Jumat, 05 November 2010

PENDIDIKAN JASMANI

1. Pengertian
Pendidikan jasmani merupakan suatu proses seseorang sebagai individu maupun anggota masyarakat yang dilakukan secara sadar dan sistematik melalui berbagai kegiatan dalam rangka memperoleh kemampuan dan keterampilan jasmani, pertumbuhan, kecerdasan, dan pembentukan watak
Pendidikan jasmani pada hakikatnya adalah proses pendidikan yang memanfaatkan aktivitas fisik untuk menghasilkan perubahan holistik dalam kualitas individu, baik dalam hal fisik, mental, serta emosional2.

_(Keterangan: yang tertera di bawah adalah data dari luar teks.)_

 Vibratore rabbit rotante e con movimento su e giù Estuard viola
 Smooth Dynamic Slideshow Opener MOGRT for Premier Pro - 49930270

2. Tujuan Pendidikan Jasmani
1. Mengembangkan keterampilan pengelolaan diri dalam upaya pengembangan dan pemeliharaan kebugaran jasmani serta pola hidup sehat melalui berbagai aktivitas jasmani dan olahraga yang terpilih
2. Meningkatkan pertumbuhan fisik dan pengembangan psikis yang lebih baik
3. Meningkatkan kemampuan dan keterampilan gerak dasar
4. Meletakkan landasan karakter moral yang kuat melalui internalisasi nilai-nilai yang terkandung di dalam pendidikan jasmani, olahraga dan kesehatan
5. Mengembangkan sikap sportif, jujur, disiplin, bertanggungjawab, kerjasama, percaya diri dan demokratis
6. Mengembangkan keterampilan untuk menjaga keselamatan diri sendiri, orang lain dan lingkungan
7. Memahami konsep aktivitas jasmani dan olahraga di lingkungan yang bersih sebagai informasi untuk mencapai pertumbuhan fisik yang sempurna, pola hidup sehat dan kebugaran, terampil, serta memiliki sikap yang positif.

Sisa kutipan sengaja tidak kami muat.